So let's give an example of a four of a kind. So we're going to compute those and we will see that we need to do-- to use all the-- a combination for all these rules. OK. So four of a kind is the special hand where we have four of one kind of value.

Notice, by the way, that the fifth card, because of this, must have a different value, right? Because there are only four cards that have, say, the value eight. Because there are only four different suits. So the fifth card will ultimately have a different value.

So as an example, we will have the 8 of spades and then the 9 of diamonds and all the other 8's-- the 8 of diamonds and the 8 of hearts and, say, the 8 of clubs. And how do we count these types of hands? We're going to look for a representation of how can you represent such hands, such objects? So we have to count a special type of object, a special kind of poker hand. And in order to do that, we're going to look for a way to represent these objects and in such a way that we can count them very easily.

And that's really the trick in order to solve these kinds of counting problems. So the representation that we have here is-- well, we can choose-- first of all, we can choose the value of the four kinds-- of the four cards. So how many choices do I have? Well, I got any choice. There are 13 different values so I have 13 choices. So that's easy.

Secondly, I can choose the value of the extra card. So how many choices do I have here? Well, the four of a kind already eliminates one kind of value completely. Right? So I have any of the other values is possible. Is equally likely, even. So I have 12 choices.

And, lastly, I can represent-- I need to still represent the suit of the extra card. So I also want to know the suit of the extra card. And how many choices do I have? Well, I can choose any of those four. So that's four.

So, essentially, what we constructed here is a mapping by using this representation. And the mapping tells us-- is as follows. Let's keep this up. So the mapping goes from poker hands-- from card-- from hands to-- from hands with four of a kind to this representation. So let's write it out.

So we have four of a kind. And then we have a function-- a mapping f-- that goes to this representation. We will have the first entry-- the value 1 and the value 2 and then a value 3. So for example, if you take this hands of cards, well, the first one, we see that the four of a kind has value 8. The value of the second card is the 9 of the 9 diamonds cards. So we have 9. And finally, the suit that I need to select for, the extra card is diamonds. So this is an example.

And now we know, because this is a bijection, we know that the number of hands with four of a kind is equal to all these types of sequences, all these types of sequences that can-- that are chosen according to this representation. Well, we have 13 choices for the first value. And given this first value, we have 12 choices for the second value. And given those two, I have four choices for the very last entry in this sequence.

So this is the generalized product rule that I'm using. So we see that the number of sequences is equal to 13 times 12 times 4. Turns out this is equal to 624. Well, if you divide it over total number of cards.

So how did we do this? This is the generalized product rule. If you divide this number of the total number of cards we could get the fraction of one over about 4,000. So it's really rare that you get four of a kind.

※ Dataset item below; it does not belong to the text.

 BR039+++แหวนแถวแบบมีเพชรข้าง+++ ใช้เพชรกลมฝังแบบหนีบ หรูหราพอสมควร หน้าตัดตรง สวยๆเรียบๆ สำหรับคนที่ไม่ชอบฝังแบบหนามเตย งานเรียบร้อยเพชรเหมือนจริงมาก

So it's a really good hand.

OK. Let's do a few more of these. We also like to know how many full houses there are. A full house is a special hand. It has three cards of one value and two cards of another value.

So how many are there? So again, we are going to use the exact same principle. We're going to find a representation of this type of hand. So we have three cards of one value and two cards of another.

So for example, we may have the hands that contain, say, three cards with value 2. A 2 clubs, a 2 spades, and also a 2 diamonds. And, say, a Jack club and a Jack of diamonds. And another example could be, say, a 5 of diamonds and a 5 of hearts, 5 of clubs, 7 of hearts, and also a 7 of club.

So now you can see that it's very easy to represent this. Right? We can start grouping things together. We can say, represent this by first taking the value of the three cards that I have here. So it's 2. Then I want to indicate in a second term in my sequence-- in my representation-- which suits did I use over here? Well, I used clubs, spades and diamonds. So it's a set club, spades and diamonds.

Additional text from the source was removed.